メルシャンが導入したチャットボットサービス「オフィシャルアシスタント おしえて! みのりさん」の画面イメージ。左が雑談、右がワインへの質問に対する回答(FAQ)になる
メルシャンが導入したチャットボットサービス「オフィシャルアシスタント おしえて! みのりさん」の画面イメージ。左が雑談、右がワインへの質問に対する回答(FAQ)になる
メルシャンが導入したチャットボットサービス「オフィシャルアシスタント おしえて! みのりさん」の画面イメージ。左が雑談、右がワインへの質問に対する回答(FAQ)になる

 同社が導入したのは、「みのりさん」という女性キャラクターが受け答えをするチャットボットサービス。会員から受けたワインに関する質問にサイト内コンテンツを示して回答するFAQ機能と、会員のさまざまな言葉に返答して会員を楽しませる雑談機能の2つを搭載した。

 メルシャンがチャットボットを導入した理由は2つある。登録会員数の増加と、既存会員のサイト訪問頻度、つまりリピート率の向上だ。

 もともとワインすき!というサイトは、ワインに関するコンテンツを大量に用意することで、サイト訪問者のワインへの興味関心を引き上げ、会員登録をしてもらって商品(ワイン)の購入へつなげるという目的で2009年にオープンしたものだ。

 最初の5年間こそ会員数を順調に伸ばしたが、2014年以降は会員数が横ばいで伸び悩んでいた。

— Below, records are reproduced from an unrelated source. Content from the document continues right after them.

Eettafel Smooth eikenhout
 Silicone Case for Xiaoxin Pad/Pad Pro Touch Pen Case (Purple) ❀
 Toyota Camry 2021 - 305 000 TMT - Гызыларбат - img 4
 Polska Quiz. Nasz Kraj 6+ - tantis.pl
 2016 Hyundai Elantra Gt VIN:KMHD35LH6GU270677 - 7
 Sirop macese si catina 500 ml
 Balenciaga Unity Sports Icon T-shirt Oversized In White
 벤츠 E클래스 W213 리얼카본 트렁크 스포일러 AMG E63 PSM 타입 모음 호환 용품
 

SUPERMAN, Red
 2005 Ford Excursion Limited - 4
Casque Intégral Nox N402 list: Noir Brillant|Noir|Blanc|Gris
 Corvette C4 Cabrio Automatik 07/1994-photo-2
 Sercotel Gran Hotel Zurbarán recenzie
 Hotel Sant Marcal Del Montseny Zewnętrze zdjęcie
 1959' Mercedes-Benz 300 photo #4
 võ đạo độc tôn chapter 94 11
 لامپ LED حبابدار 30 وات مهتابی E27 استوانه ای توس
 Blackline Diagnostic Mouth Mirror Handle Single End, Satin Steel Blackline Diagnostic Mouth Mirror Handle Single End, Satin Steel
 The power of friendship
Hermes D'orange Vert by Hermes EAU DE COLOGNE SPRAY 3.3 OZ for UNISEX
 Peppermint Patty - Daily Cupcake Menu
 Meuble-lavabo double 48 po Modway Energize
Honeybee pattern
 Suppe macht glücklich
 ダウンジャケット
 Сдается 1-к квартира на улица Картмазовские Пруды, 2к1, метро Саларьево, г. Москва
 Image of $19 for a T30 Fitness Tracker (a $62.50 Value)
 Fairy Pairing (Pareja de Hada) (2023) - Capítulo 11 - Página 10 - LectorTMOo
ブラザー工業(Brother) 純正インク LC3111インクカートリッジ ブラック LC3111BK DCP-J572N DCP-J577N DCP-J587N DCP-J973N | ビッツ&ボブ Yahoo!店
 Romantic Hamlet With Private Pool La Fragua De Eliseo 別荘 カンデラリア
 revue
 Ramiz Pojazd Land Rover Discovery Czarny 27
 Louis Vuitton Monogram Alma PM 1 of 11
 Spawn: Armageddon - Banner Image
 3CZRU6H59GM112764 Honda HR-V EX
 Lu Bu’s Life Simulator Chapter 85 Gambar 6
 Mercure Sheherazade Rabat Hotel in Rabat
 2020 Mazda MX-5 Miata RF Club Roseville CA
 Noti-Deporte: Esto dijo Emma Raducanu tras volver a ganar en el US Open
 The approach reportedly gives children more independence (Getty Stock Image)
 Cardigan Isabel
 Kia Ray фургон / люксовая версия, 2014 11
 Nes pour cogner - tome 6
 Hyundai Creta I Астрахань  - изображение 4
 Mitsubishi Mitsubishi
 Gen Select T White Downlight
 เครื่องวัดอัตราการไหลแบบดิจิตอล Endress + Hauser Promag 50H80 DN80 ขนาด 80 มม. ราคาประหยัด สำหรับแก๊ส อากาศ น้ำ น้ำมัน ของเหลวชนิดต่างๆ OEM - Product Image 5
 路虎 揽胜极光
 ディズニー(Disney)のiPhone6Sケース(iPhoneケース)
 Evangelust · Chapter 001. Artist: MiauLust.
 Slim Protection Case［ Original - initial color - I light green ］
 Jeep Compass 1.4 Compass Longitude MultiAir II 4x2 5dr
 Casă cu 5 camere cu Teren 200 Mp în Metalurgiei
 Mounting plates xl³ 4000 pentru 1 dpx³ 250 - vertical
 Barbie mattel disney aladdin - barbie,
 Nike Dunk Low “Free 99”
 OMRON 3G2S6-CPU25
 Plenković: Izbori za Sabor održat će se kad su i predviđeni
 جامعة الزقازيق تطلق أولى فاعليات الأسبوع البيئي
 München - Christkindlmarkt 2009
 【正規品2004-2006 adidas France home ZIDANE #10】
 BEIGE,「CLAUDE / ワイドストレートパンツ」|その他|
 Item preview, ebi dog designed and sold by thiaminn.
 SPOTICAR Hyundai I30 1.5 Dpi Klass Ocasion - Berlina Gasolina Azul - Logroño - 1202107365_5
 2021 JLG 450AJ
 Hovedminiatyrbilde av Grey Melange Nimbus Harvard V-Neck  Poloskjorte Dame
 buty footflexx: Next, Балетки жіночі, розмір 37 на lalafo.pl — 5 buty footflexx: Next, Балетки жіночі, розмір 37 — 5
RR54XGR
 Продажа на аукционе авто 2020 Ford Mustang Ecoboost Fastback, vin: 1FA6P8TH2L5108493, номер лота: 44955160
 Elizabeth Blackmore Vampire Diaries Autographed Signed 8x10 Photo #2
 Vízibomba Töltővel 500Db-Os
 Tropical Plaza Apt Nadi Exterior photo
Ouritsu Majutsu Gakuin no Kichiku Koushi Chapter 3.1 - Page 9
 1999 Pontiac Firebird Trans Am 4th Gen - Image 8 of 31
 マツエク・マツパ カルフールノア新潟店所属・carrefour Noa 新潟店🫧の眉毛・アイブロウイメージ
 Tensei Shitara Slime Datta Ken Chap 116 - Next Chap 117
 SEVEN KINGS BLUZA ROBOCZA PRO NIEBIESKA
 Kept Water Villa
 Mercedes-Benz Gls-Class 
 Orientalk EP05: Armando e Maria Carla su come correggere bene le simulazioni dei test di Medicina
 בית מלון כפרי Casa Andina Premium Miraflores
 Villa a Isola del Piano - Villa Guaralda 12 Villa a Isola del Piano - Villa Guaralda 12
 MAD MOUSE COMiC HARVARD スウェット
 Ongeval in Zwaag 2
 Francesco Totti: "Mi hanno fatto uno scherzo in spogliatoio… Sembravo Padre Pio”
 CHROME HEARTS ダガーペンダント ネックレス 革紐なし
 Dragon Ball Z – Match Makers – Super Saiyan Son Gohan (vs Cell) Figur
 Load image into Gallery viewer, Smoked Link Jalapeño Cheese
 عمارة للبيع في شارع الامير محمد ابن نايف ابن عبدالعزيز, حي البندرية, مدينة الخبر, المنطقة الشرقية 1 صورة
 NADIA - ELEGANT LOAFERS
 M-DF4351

 そこで2017年初めに、「2017年中に会員数を12万人まで増やす」と目標を明示。そのための手立てとして、会員だけが利用できるチャットボットを導入した。チャットでコミュニケーションしながらワインに関する知識を得られたり、チャットで楽しく雑談を楽しめたりすれば、「目新しさなどで新規のサイト訪問者が増え、それにつれて登録会員数も伸び、さらに既存の会員のサイト訪問頻度、つまりリピート率も向上すると考えた」(キリン デジタルマーケティング部の寺田智伸主務)。

 キリングループの多くのWebサイトの中で、チャットボットを採用したのはワインすき!が初めてだ。

AIの精度アップへ

 目下の課題は、「会員のサイト訪問頻度(リピート率)の向上が、思ったほどではない」(寺田氏)こと。サイト訪問者が予算や料理、飲用シーンなどに触れず、「辛口で重いけれど、比較的飲みやすい赤ワインはない?」といった質問をするとうまく回答できないという。

 「データを蓄積し、機械学習を繰り返すことで回答の精度を引き上げ、半年以内に何らかの成果を上げたい」と寺田氏は語る。

 その後は、ワインすき!に導入したサイト接客ツールとチャットボットを連動させて、具体的な商品(ワイン)をみのりさんから先にレコメンドすることを目指すという。